Hoy me dieron un puñetazo directo al alma. Uno de esos que no duelen por bruscos, sino porque llegan justo donde más necesitas que alguien mire.

Esta mañana, mientras todavía intentaba sacudirme el insomnio y las vueltas de la noche anterior, J me miró con esa calma suya que a veces parece venir de otro mundo. Me acarició el brazo y, casi como quien lanza una pregunta inocente, me dijo:

—“¿Prestarías tu cargador si tu móvil tuviera un 3% de batería?”

Y yo, sin pensarlo mucho, le contesté:

—“No, claro, lo necesitaría yo.”

Entonces vino el golpe, suave en la voz, brutal en el corazón:

—“Entonces, ¿por qué pones siempre a los demás por delante cuando tú estás agotado, vacío, exhausto? ¿Por qué haces ese esfuerzo que no te haces por ti? No se trata del teléfono… se trata de ti.”

Silencio.

Y mientras me quedaba en blanco, siguió hablando.

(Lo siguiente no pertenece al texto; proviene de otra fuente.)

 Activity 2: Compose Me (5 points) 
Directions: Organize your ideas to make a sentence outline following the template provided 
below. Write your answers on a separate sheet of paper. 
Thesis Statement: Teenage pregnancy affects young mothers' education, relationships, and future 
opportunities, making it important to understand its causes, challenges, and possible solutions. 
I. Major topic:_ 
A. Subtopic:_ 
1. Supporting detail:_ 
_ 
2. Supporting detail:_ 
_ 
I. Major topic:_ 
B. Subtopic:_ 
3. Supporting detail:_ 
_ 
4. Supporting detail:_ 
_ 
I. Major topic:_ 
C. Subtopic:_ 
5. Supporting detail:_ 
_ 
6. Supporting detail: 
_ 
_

Su voz era firme, pero dulce:

—“El problema no es que ames mucho a los demás… el problema es que te has olvidado de amarte a ti. Has confundido el sacrificio con el valor, el agotamiento con la entrega, la ansiedad con una forma de vida. Pero no viniste a este mundo para vaciarte mientras los demás se llenan. También tú mereces descanso, mereces paz, mereces ser prioridad.”

Me quedé ahí, quieto. Viéndola. Escuchándola. Sintiendo cómo me devolvía una parte de mí que yo mismo había enterrado en la costumbre de estar al servicio del resto. En la absurda creencia de que sólo valgo si estoy disponible para los demás. Aunque no esté disponible ni para mí.

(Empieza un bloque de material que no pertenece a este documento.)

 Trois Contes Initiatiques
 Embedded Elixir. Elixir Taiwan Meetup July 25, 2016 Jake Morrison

Y sí. Tiene razón. Llevo demasiado tiempo así. Amando hacia fuera, sin mirar hacia dentro. Dando aunque ya no tenga. Ofreciendo incluso cuando mi propia batería está en rojo. Sin pausa. Sin tregua. Sin preguntarme cómo estoy.

Hoy ella me lo recordó. Me recordó que también merezco ser prioridad. Que mi paz no es un capricho, sino una necesidad. Que no debo llegar al límite para recién ahí comenzar a sanar.

Hoy entendí que amar no es desgastarse, sino compartirse sin dejar de ser uno. Que la entrega más hermosa empieza por casa. Y que, por una vez, también puedo decirme a mí mismo: descansa, respira, cuídate… tú también importas.